__Your task__: Return the entire listing, character for character.

==================================================

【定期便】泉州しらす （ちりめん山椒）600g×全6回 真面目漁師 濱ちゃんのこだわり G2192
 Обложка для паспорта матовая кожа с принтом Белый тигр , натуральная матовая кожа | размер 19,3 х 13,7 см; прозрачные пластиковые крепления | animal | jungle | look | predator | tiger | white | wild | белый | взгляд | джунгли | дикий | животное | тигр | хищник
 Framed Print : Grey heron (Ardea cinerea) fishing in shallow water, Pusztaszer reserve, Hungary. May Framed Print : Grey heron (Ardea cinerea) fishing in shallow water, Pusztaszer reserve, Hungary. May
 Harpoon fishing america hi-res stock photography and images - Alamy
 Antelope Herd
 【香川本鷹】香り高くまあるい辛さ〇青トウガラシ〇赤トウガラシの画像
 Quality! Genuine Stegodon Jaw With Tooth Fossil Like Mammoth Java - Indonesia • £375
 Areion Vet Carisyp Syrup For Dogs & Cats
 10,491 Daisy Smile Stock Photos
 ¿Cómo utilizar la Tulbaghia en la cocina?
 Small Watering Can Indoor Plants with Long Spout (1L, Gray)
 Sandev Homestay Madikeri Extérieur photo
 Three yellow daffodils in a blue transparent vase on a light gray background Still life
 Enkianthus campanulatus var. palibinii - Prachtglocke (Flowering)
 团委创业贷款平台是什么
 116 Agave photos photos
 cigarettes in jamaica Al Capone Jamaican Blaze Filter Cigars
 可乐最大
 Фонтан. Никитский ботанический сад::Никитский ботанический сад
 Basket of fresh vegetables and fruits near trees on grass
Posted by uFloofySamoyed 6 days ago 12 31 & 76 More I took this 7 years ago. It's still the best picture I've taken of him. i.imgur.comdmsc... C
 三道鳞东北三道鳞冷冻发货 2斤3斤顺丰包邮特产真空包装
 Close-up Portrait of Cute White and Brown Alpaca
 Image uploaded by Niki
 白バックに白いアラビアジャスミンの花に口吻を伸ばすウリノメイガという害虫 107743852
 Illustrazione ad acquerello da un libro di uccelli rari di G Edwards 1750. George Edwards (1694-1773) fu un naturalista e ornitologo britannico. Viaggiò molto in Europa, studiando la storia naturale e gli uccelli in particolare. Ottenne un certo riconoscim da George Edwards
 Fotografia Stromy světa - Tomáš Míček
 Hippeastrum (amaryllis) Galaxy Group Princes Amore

==================================================

__Solved exercise__:
【定期便】泉州しらす （ちりめん山椒）600g×全6回 真面目漁師 濱ちゃんのこだわり G2192
 Обложка для паспорта матовая кожа с принтом Белый тигр , натуральная матовая кожа | размер 19,3 х 13,7 см; прозрачные пластиковые крепления | animal | jungle | look | predator | tiger | white | wild | белый | взгляд | джунгли | дикий | животное | тигр | хищник
 Framed Print : Grey heron (Ardea cinerea) fishing in shallow water, Pusztaszer reserve, Hungary. May Framed Print : Grey heron (Ardea cinerea) fishing in shallow water, Pusztaszer reserve, Hungary. May
 Harpoon fishing america hi-res stock photography and images - Alamy
 Antelope Herd
 【香川本鷹】香り高くまあるい辛さ〇青トウガラシ〇赤トウガラシの画像
 Quality! Genuine Stegodon Jaw With Tooth Fossil Like Mammoth Java - Indonesia • £375
 Areion Vet Carisyp Syrup For Dogs & Cats
 10,491 Daisy Smile Stock Photos
 ¿Cómo utilizar la Tulbaghia en la cocina?
 Small Watering Can Indoor Plants with Long Spout (1L, Gray)
 Sandev Homestay Madikeri Extérieur photo
 Three yellow daffodils in a blue transparent vase on a light gray background Still life
 Enkianthus campanulatus var. palibinii - Prachtglocke (Flowering)
 团委创业贷款平台是什么
 116 Agave photos photos
 cigarettes in jamaica Al Capone Jamaican Blaze Filter Cigars
 可乐最大
 Фонтан. Никитский ботанический сад::Никитский ботанический сад
 Basket of fresh vegetables and fruits near trees on grass
Posted by uFloofySamoyed 6 days ago 12 31 & 76 More I took this 7 years ago. It's still the best picture I've taken of him. i.imgur.comdmsc... C
 三道鳞东北三道鳞冷冻发货 2斤3斤顺丰包邮特产真空包装
 Close-up Portrait of Cute White and Brown Alpaca
 Image uploaded by Niki
 白バックに白いアラビアジャスミンの花に口吻を伸ばすウリノメイガという害虫 107743852
 Illustrazione ad acquerello da un libro di uccelli rari di G Edwards 1750. George Edwards (1694-1773) fu un naturalista e ornitologo britannico. Viaggiò molto in Europa, studiando la storia naturale e gli uccelli in particolare. Ottenne un certo riconoscim da George Edwards
 Fotografia Stromy světa - Tomáš Míček
 Hippeastrum (amaryllis) Galaxy Group Princes Amore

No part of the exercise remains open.